Eliciting Complex Spatial Reasoning in MLLMs through Wide-Baseline Matching
Abstract
Employing multimodal large language models (MLLMs) in 3D physical environments demands complex spatial reasoning capabilities that integrate geometric understanding, viewpoint synthesis, fine-grained perception, and robust depth estimation. However, current MLLMs lack systematic evaluation and training frameworks for these capabilities. We address this gap through the lens of wide-baseline matching (WBM)---determining whether two views with large viewpoint changes, appearance shifts, and occlusions depict the same scene element. We introduce ReasonMatch-Bench, a comprehensive benchmark stratified by viewpoint displacement and matching granularity across indoor, outdoor, and object-centric scenarios. Our evaluation reveals substantial gaps between human performance and state-of-the-art MLLMs, particularly for smaller models, highlighting critical deficiencies in spatial reasoning. To bridge this gap, we propose a scalable data generation pipeline that automatically extracts wide-baseline view pairs from large-scale video-3D corpora (RGB-D videos and SfM reconstructions), providing diverse, verifiable supervision.

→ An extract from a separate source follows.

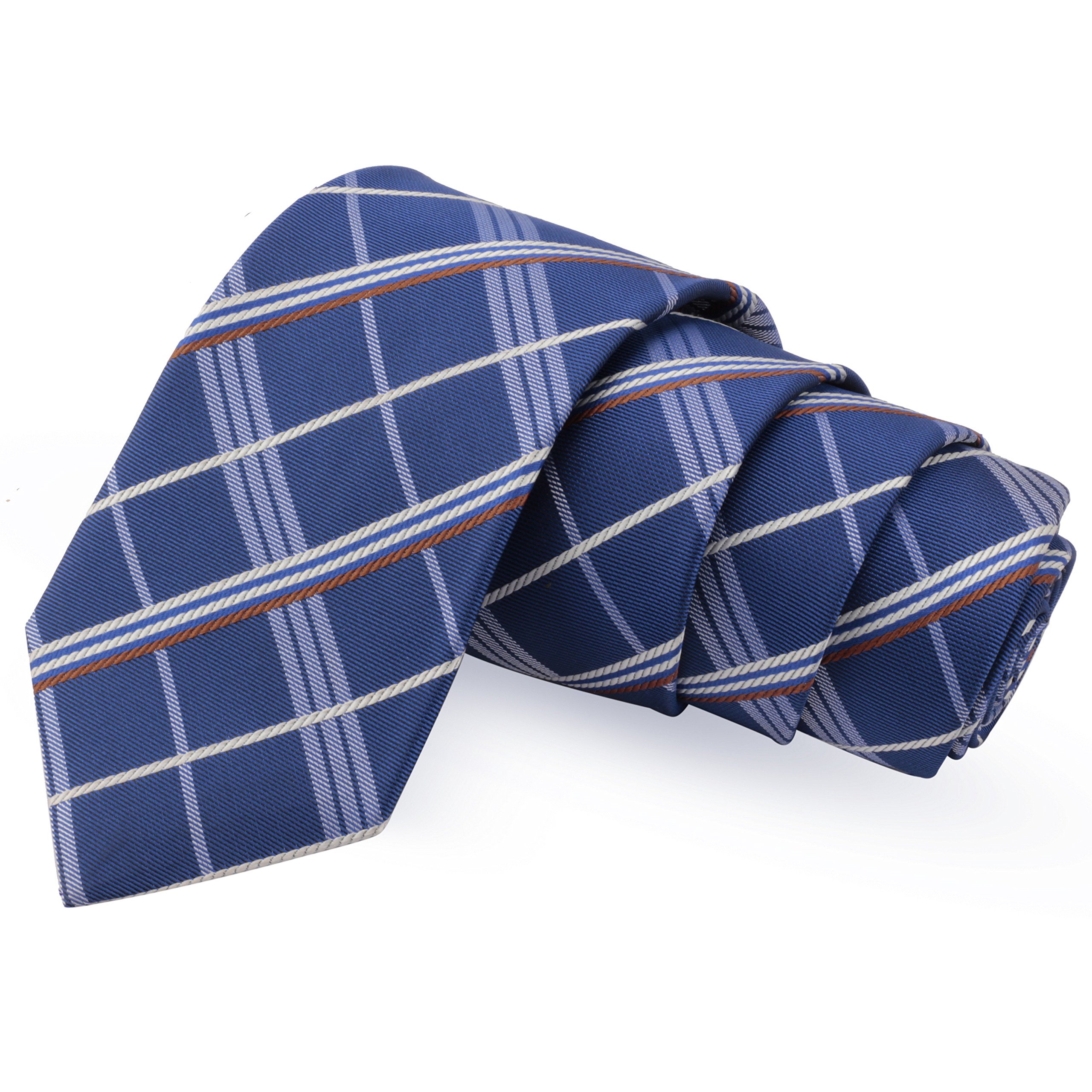 Impressive Blue & White Colored Microfiber Necktie for Men-image-6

Leveraging verifiable matching accuracy as rewards, we introduce Dynamic Correspondence Reinforcement Learning (DCRL), combining Image-Level Viewpoint Progression and Point-Level Correspondence Curriculum to enable progressive acquisition of sophisticated spatial reasoning without explicit supervision. Extensive experiments demonstrate that our approach significantly enhances MLLMs' spatial reasoning capabilities, narrowing the gap with human performance on complex 3D understanding tasks.